A professora catedrática da Universidade de Coimbra (UC) Helena Freitas lamentou hoje que Portugal viva “em guerra com a floresta” e não consiga valorizar os territórios rurais, o que contribuiria para a diminuição dos incêndios florestais.
“Os territórios rurais deixaram de ter valor e isto é um perigo brutal. Nós hoje vivemos em guerra com a floresta e estamos aqui estamos a viver em guerra com os próprios territórios rurais”, disse à agência Lusa a antiga coordenadora da Unidade de Missão para a Valorização do Interior.
No seu entender, “cuidar dos territórios é absolutamente essencial”, porque o que se está a fazer “é criminoso”: “estamos a desperdiçar o que de melhor temos. Quanto mais intensidade de fogos tivermos, menos produtividade vamos ter e, a curto prazo, deixamos de ter também os recursos de que precisamos”.
Helena Freitas, que atualmente dirige o Parque de Serralves, explicou que “os incêndios acontecem onde há matos acumulados e floresta desordenada” e “isso está inequivocamente associado a um problema de abandono da propriedade e a um desordenamento de base nos territórios, particularmente nos territórios rurais”.
Segundo a bióloga, quando os terrenos “não são agricultados, a única forma que as pessoas encontraram para minimamente valorizar foi sobretudo a cultura do eucalipto”, mas “o problema é muito mais complexo do que isso” e “não vale a pena arranjar bodes expiatórios”.

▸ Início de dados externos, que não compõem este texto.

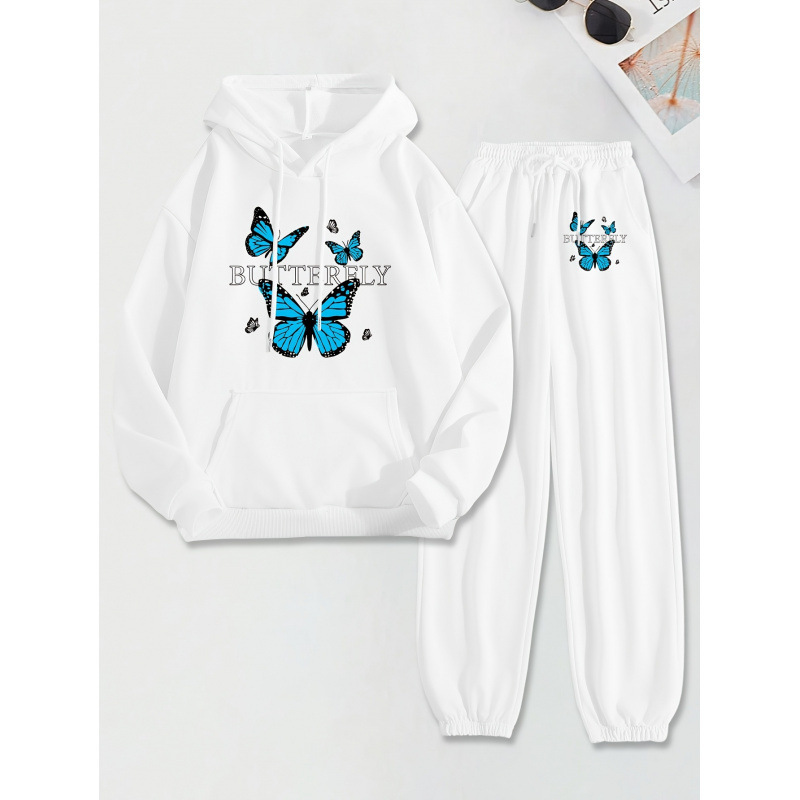 Chic Butterfly Print Ladies Hoodie and Jogger Set Casual Long Sleeve Machine Washable Sweatshirt Set with Pockets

“O que se passa é que o território, de uma forma geral, está desordenado. Nós temos menos de 20% dos portugueses a viverem em territórios rurais e, de facto, temo-los abandonado”, lamentou.
Na sua opinião, o principal problema do território é que não tem valor: “nós nem sequer somos capazes de perceber o valor que temos na natureza”.
“O território rural é valioso por muitas razões e o que temos feito nas últimas décadas é deixá-lo perder valor efetivo e também nas nossas cabeças, nas lógicas, nos modelos de desenvolvimento que criámos”, considerou.
Helena Freitas disse que nem a água é valorizada, mesmo já se tendo percebido que é um bem cada vez mais escasso e que é crucial para a agricultura e a floresta.
“Temos sido muito perdulários no que diz respeito à forma como encaramos e percebemos o valor da nossa natureza, dos nossos recursos naturais e, por essa vida, também do nosso território. Nós temos que perceber que ele tem valor e temos que encontrar instrumentos de tornar esse valor efetivo também no mercado”, defendeu.
No seu entender, “talvez se possa olhar para as áreas protegidas, que ainda representam 20% do território nacional, e fazer delas bons exemplos de como se cuida da floresta, de como se pratica boa agricultura, de como se cuida dos rios”.
“Temos uma agenda de bem fazer, de boas práticas do próprio Estado na gestão do território. Estas áreas deviam ser exemplo”, realçou.
A investigadora afirmou à Lusa não ter dúvidas de que a região Centro tem hoje “um problema brutalmente complexo para resolver nesta questão do ordenamento florestal”.
“Já temos o eucalipto naturalizado, nem é preciso sequer plantá-lo, temos espécies florestais exóticas a crescer e a invadir praticamente tudo, estamos a perder a produtividade dos solos, e, com isso, rapidamente também vamos ter um problema com os recursos hídricos”, alertou.
Neste âmbito, defendeu que sejam encontradas “soluções ajustadas” e que a administração técnica seja levada para os territórios.
“Competências técnicas não têm que ficar em Lisboa, não há razão para isso. A administração que tem responsabilidades técnicas nestas áreas tem de ser ativa nos territórios e ajudar as pessoas a encontrar soluções. Precisamos de centros de demonstração que mostrem às pessoas como é possível fazer a nova agricultura”, frisou.